For almost two years now I’ve been working on a commission for Voices New Zealand – a choral piece to commemorate the upcoming centenary of Armistice Day (11th November, 1918).
The landscape of the First World War has been a bleak place to inhabit. Reading accounts and correspondences from soldiers and contemplating the unbelievable scale of the conflict has changed my perspective on many things – not least the world we live in now. I’ve thought many times about the phrase ‘lest we forget’ and wondered what it means a hundred years later. What exactly do we need to remember?
In my search for text – I began with a collection of letters written by my dear friend Hamish’s grandfather – Thomas Alton Macalister.
Alton fought in Gallipoli and on the Western Front, and lived to return to New Zealand and start a family.
He sent many letters home to his loved ones, every single one of which they kept.
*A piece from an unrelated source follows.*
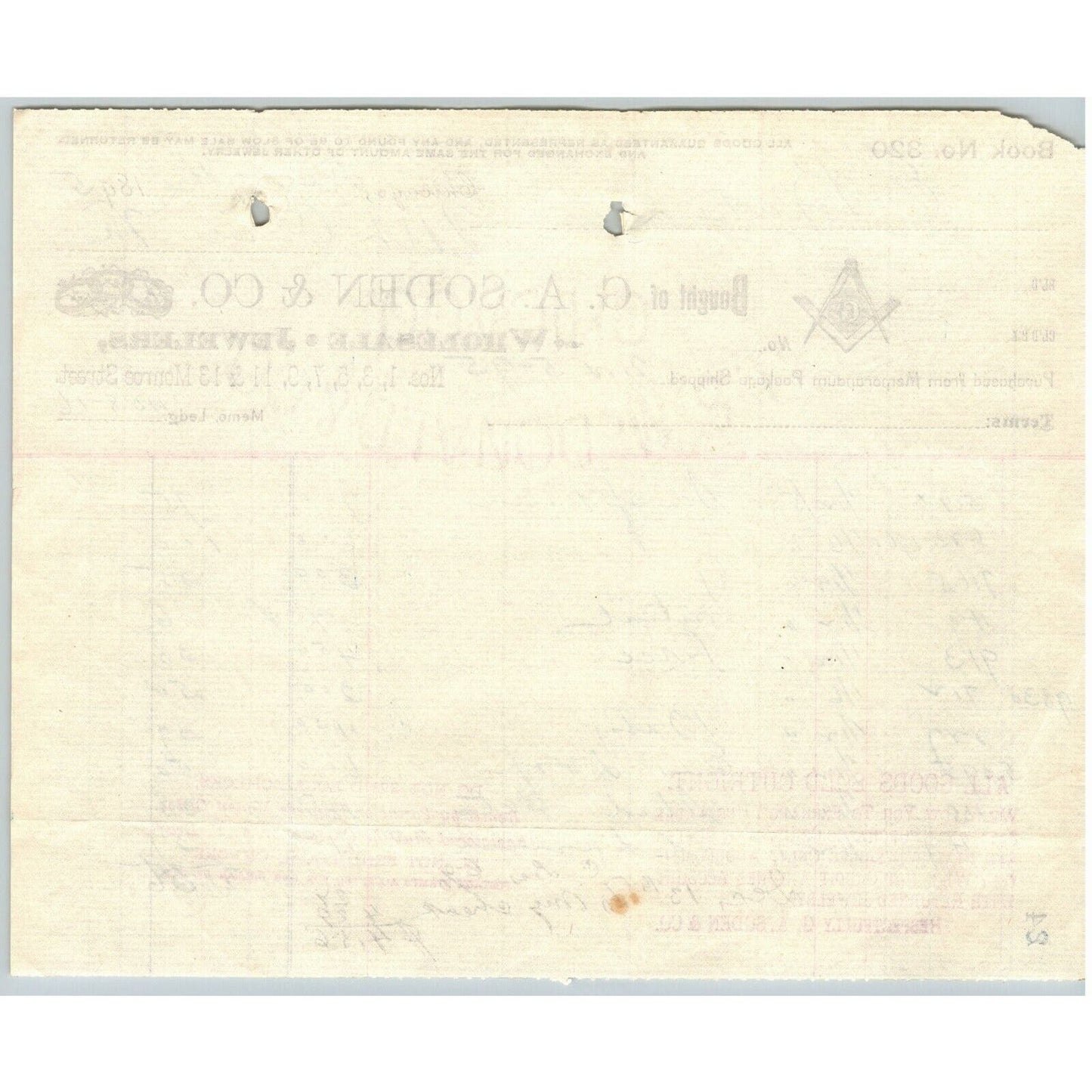 1895 Letterhead G.A. Soden & Co. Jewelers Freemason Chicago - Ephraim Baker*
After his father died Hamish found his grandfather’s letters amongst his things and meticulously transcribed them. The title of this piece – ‘The Unusual Silence’ – comes from a letter written by Alton to his brother Eric, shortly after he was evacuated from Gallipoli:
“Well for about a month we had a suspicion that something was in the wing. We heard rumours of evacuation, owing to the winter being so severe there, and our suspicions were strengthened by an order which came through a few weeks before we left, stopping all fire, both artillery and infantry for 48 hours. Of course we can see now that this was merely a bluff to test the enemy and see how they would take the unusual silence on our part.”
The phrase ‘the unusual silence’ immediately captured my imagination.
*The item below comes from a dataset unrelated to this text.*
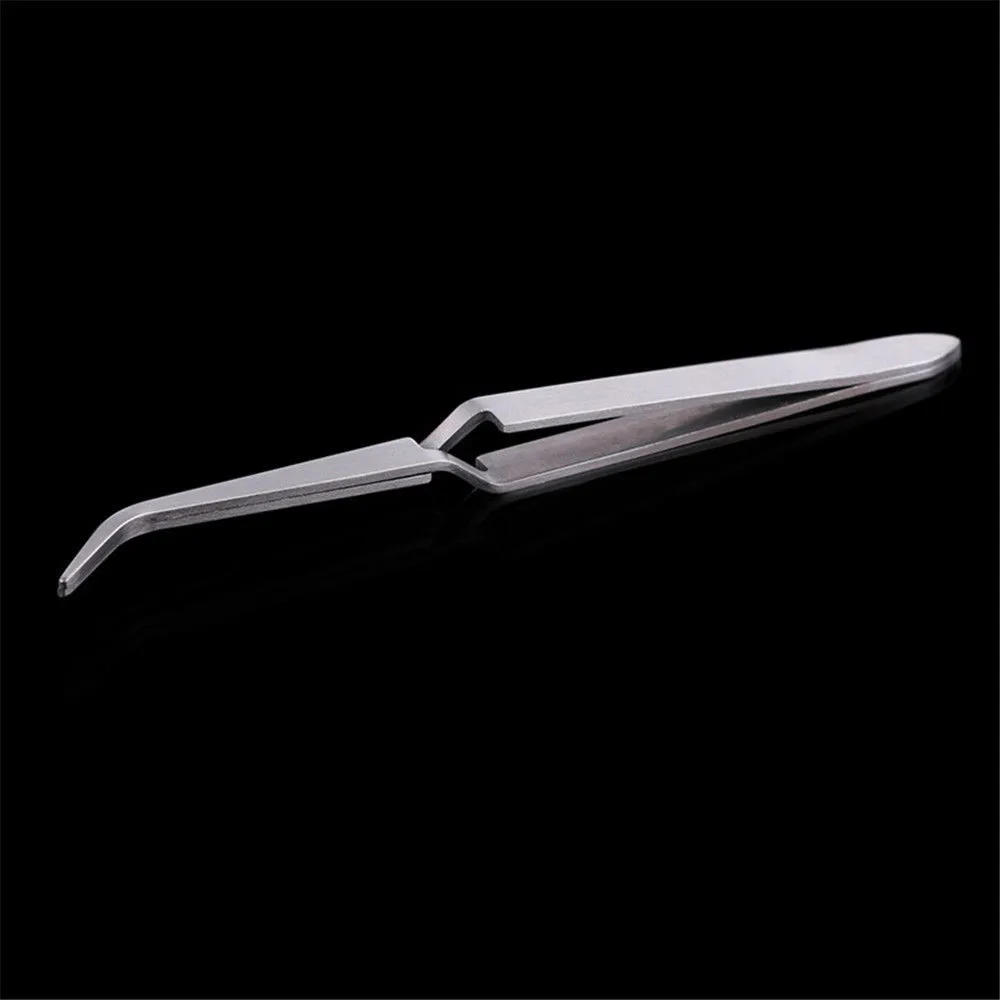 Stainless Steel Cross Action Tweezers Nail Styling Clip Manicure Nail Art Tools Shaping Tweezer Acrylic UV Gel Curve Fixed Pinch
As I read further, what surprised me most about Alton’s letters was the almost complete absence of any detail about combat or hardship. Instead, he talks factually and enthusiastically about happier things… the adventure of training, the wonder of travel, the beauty of places. Every now and then he permits himself a small moment of reflection, but he hurries to reassure his loved ones that he is safe and fortunate, even when he’s not. Yet even as he does this, he describes the war as ‘silent‘ and refers to how much more he wishes he could say about it.
The depth of Alton’s silence, so stoically masked by the bright facade he maintained in order to protect his loved ones, really affected me. The more I thought of World War 1 as a silent war, the more silences I found.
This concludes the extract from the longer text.